▸ **What you will do**: Entries below include pictures. Output exactly the lines from the one with "Ada Komisi Pejabat" down to the one with "3366 - Gourmet", both ends included, and leave the pictures out.

▸ **Input records**:
**********
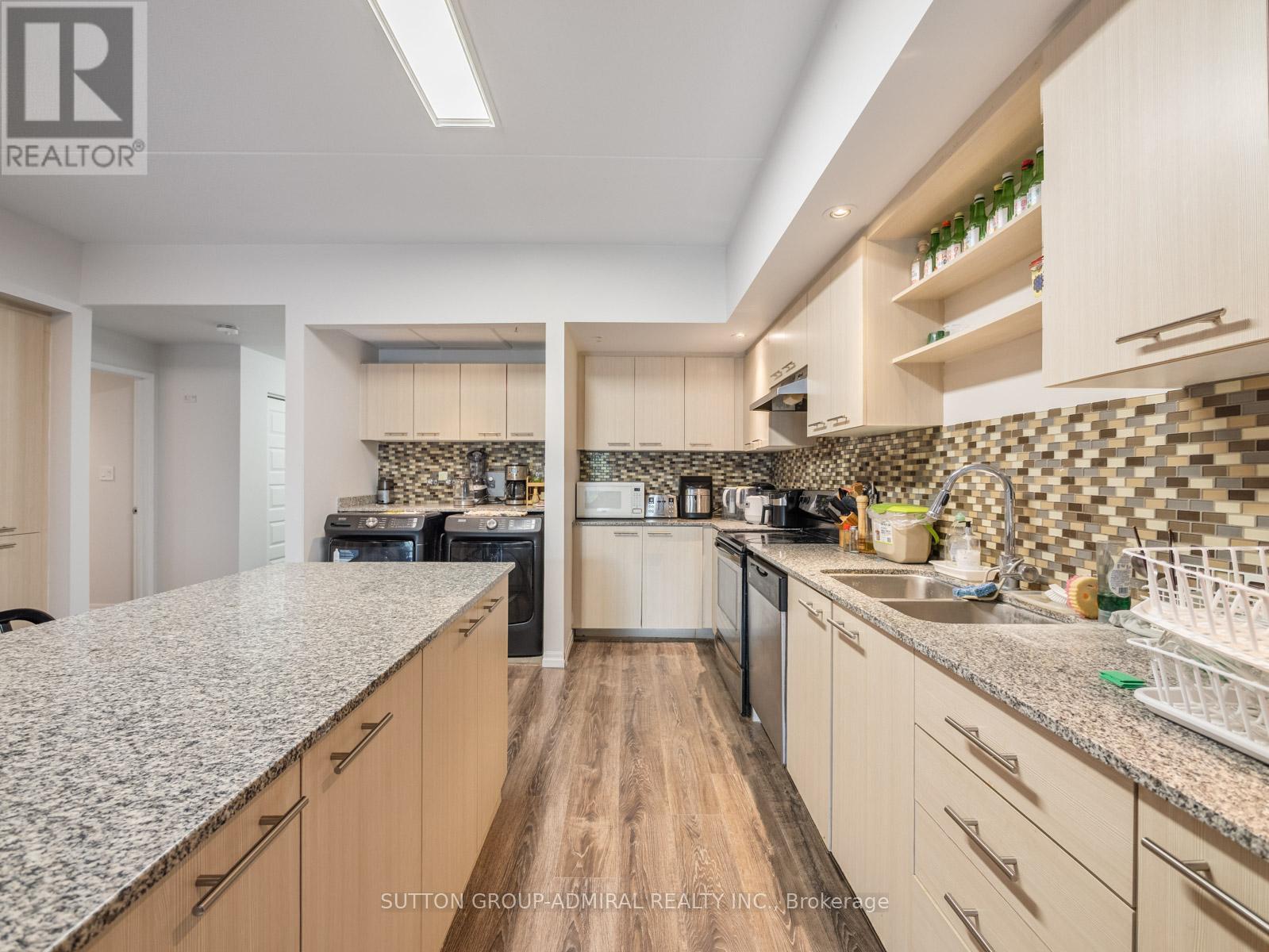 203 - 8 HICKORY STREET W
**********
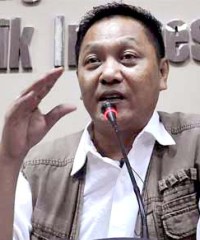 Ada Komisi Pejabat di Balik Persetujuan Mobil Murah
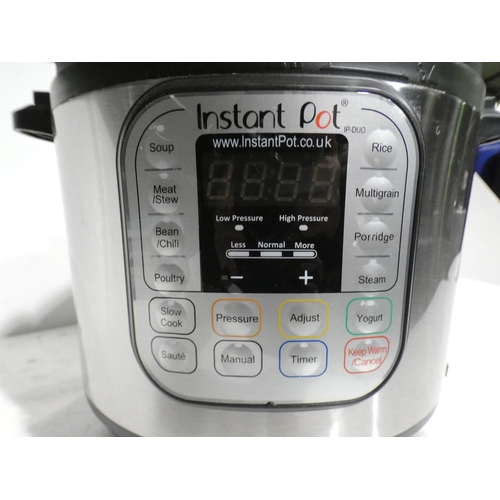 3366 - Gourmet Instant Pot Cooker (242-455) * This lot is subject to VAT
**********
▸ **Exercise answer**:
 Ada Komisi Pejabat di Balik Persetujuan Mobil Murah
 3366 - Gourmet Instant Pot Cooker (242-455) * This lot is subject to VAT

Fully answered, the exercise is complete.